Carronades figured prominently in a number of the single-ship U.S. victories in the War of 1812. On 13 August 1812, the U.S. Navy frigate Essex, commanded by Captain David Porter and armed, over his objection, largely with smashers (40 32-pounder carronades and only 6 12-pounder long guns) was about 230 miles northwest of the Azores under the guise of a British merchant ship with her gun-deck ports concealed. The British sloop Alert, under Commander Thomas L. P. Laugharne and mounting only 6 9-pounder long guns and 16 18-pounder carronades, pursued the apparently fleeing merchantman. When the Essex hoisted American colors, Laugharne elected to engage. Only eight minutes into the action, with his ship badly damaged by two partial American broadsides and seven feet of water in her hold, Laugharne struck. The Alert was the first British warship captured by the Americans in the war.

The War of 1812 also fully revealed the carronade’s chief weakness. While formidable at close range, at longer range the weapon was no match for long guns, even of smaller caliber. The crews of ships that mounted largely carronade armaments thus found themselves at a decided disadvantage in long-range engagements with ships chiefly armed with long guns.

Late in the war, after a highly successful second cruise that devastated the British whaling industry in the South Pacific, the Essex was blockaded at Valparaíso, Chile, by the British frigate Phoebe and sloop Cherub, both armed largely with long guns. Having determined that the Essex was faster than her opponents, Porter was planning an escape attempt when a storm on 28 March 1814 parted his ship’s anchor cable. The U.S. frigate got under way, but a heavy squall caused the loss of her main topmast. Returning to the harbor was not possible, so Porter anchored in a small bay some three miles distant.
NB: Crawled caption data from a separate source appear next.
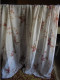 Delcampe - Vintage - Grand Rideau Voilage Fleurs Rouge Années 70 - Spitzen Und Stoffe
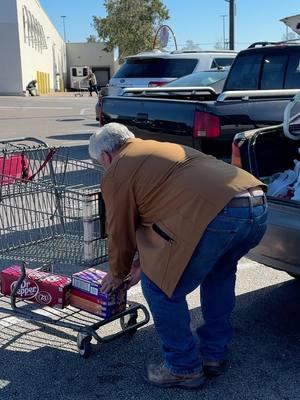 Busted  #dad #angrydad #funny #wlw #homefortheholidays #shopping #dadsoftiktok #dadmoves #heb 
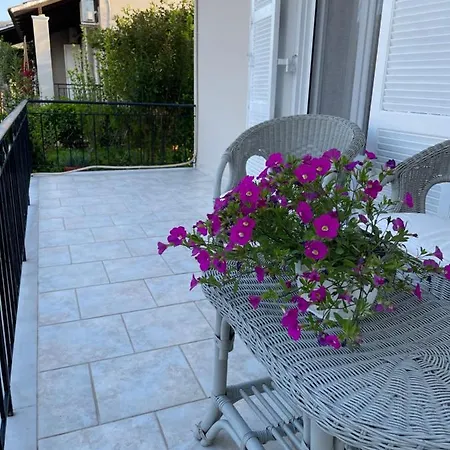 Agathi Holiday home *
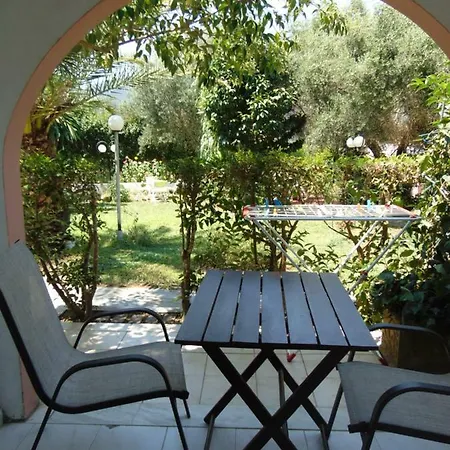 Avra Aparthotel 3*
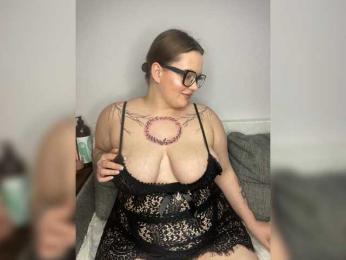 Divine-1 webcam model stream image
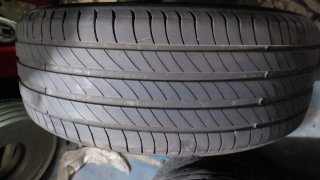 Neumáticos 225/55/18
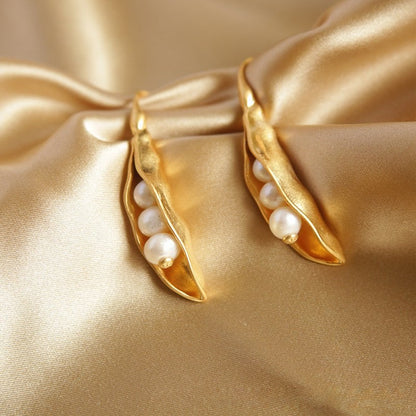 Vintage Style Pea Pod Design Gold Earrings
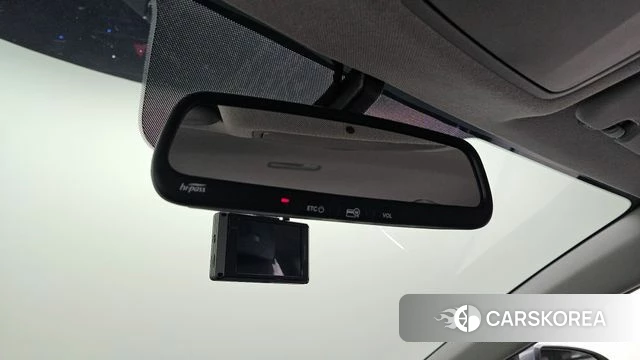 Hyundai Avante AD id 3966425 из Кореи 10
Seeing the condition of the Essex, Captain James Hilyar of the Phoebe decided to violate his pledge to respect Chilean neutrality. Because the Essex required speed to close to short range for her carronades to be effective, the Americans had little chance. Hilyar simply kept his two ships at long range, and fierce British fire ultimately forced Porter’s surrender.

This engagement greatly tarnished the reputation of the carronade and reinforced the conclusion that vessels should not be armed exclusively with them. Ships continued to carry carronades, however, and some of the guns saw service during the Civil War.